Tropical Storm Emily Forms West of Tampa Bay; Heavy Rain Threat

Anytime an area low pressure sits over the Gulf of Mexico during the summertime tropical cyclone development can never be ruled out. Despite marginally favorable wind shear, the area of low pressure thrived off of the warm eastern Gulf waters and gained tropical characteristics early Monday. Tropical Depression 6 was quickly upgraded to Tropical Storm Emily at 8 AM. As of 8 AM max sustained winds are at 45 mph. Emily moves east at 8 mph. Tropical storm force winds extend out up to 60 miles for the center. As of 8:45 AM the center is less than 25 miles from the Sunshine Skyway Bridge. Tropical Storm Emily will cut across Central Florida Monday. Training/flooding is likely is spots, especially for Tampa Bay South near the coast. Winds 30-40 mph+ are possible in the strongest squalls. A Tropical Storm Warning is in effect for the Anclote River southward to Bonita Beach. Emily will weaken to a depression and move into the Atlantic early Tuesday.



Heavy rain/the potential for flooding is the primary threat from Tropical Storm Emily. A Flood Watch is in effect for Hillsborough, Pinellas, Manatee, Sarasota, Hardee, Desoto and Highlands county until 8 PM Monday. 3-6″ of rain are likely. Some coastal areas will pick up well over 6 inches of rain Monday.


At times it will be gusty, especially for Tampa Bay South Monday morning and afternoon. Wind gusts will be much lower than they are in a severe thunderstorm in the summertime. Gusts up 30-40 mph+ are possible through Monday afternoon. The strongest wind field is limited to an area around the center.

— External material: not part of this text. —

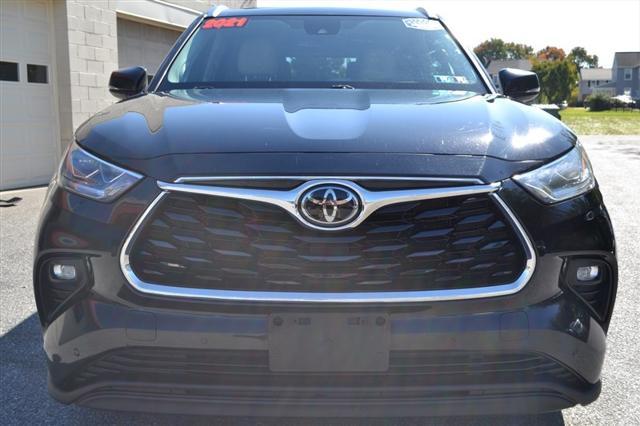 used 2021 Toyota Highlander car, priced at $31,999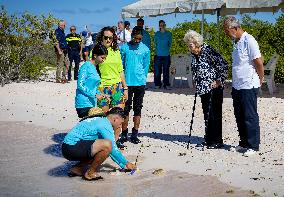 Princess Beatrix Visits Bonaire - The Netherlands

Watching Frontal Boundary Near Florida and Atlantic Tropical Wave

A rare summer cold front settles into Central Florida Sunday and stalls late in the day. Low pressure will develop along this boundary in the Eastern Gulf and brings the threat for periods of heavy rain to Central Florida early this work week. Anytime low pressure sits over warm water temperatures in the upper 80s to near 90 it is worth watching for tropical development. The odds of this low gaining any tropical characteristics are low over the next 5 days. Wind shear is enhanced near this frontal boundary and upper level winds are only marginally favorable for tropical development.  Development or not, this feature is a rainmaker for parts of the Sunshine State.


The Weather Prediction Center shows Central Florida, North Central Florida, and Southwest Florida will see the heaviest rainfall in the days ahead. The heaviest will fall where the frontal boundary stalls and lingers. 2-4″+ is expected in Tampa Bay, with isolated higher amounts near the coast. This will be spread out through mid-work week. Localized flooding is possible at times, especially when training sets up.


We are also watching a tropical wave southwest of the Cabo Verde Islands. Convection is disorganized Sunday with some dry air nearby. Slow development is possible in the days ahead as the disturbance moves west at 10-15 mph.  Models aren’t too impressed with development of this feature. Officially as of Sunday morning there is a 30% chance of tropical cyclone development the next 5 days. The next name is Emily.



Quiet in the Atlantic; Active in the East Pacific

It’s looking more and more likely that July 2017 will wrap up with no additional named storms in Atlantic Basin. Only one named storm formed this month, Don. It was shredded apart by wind shear in the Caribbean and dry air kept it short-lived and weak.  Dry air has a firm grip on the Caribbean and central Atlantic Tuesday, and there are no areas of interest for at least the next 5 days.


A fresh batch of Saharan air is situated over the south central and eastern Atlantic near Africa. All four tropical waves between the Lesser Antilles and Africa will stay disorganized due to this feature. The graphic below is courtesy NOAA/the University of Wisconsin.


Fast forward to the weekend and the Saharan Air Layer (SAL) remains quite active, especially in the Main Development Region. Dry, dusty stable air sticks around through at least next Sunday. Long-range computer models are pretty quiet. The 12Z Euro attempts to close off weak low pressure late next work week as a tropical wave approaches the eastern Caribbean. The latest GFS shows absolutely no tropical cyclone formation for the next 2 weeks+.  Activity will likely ramp up at some point in August.  Once dry air erodes, there is the potential for stronger storms to thrive off of warm sea surface temperatures.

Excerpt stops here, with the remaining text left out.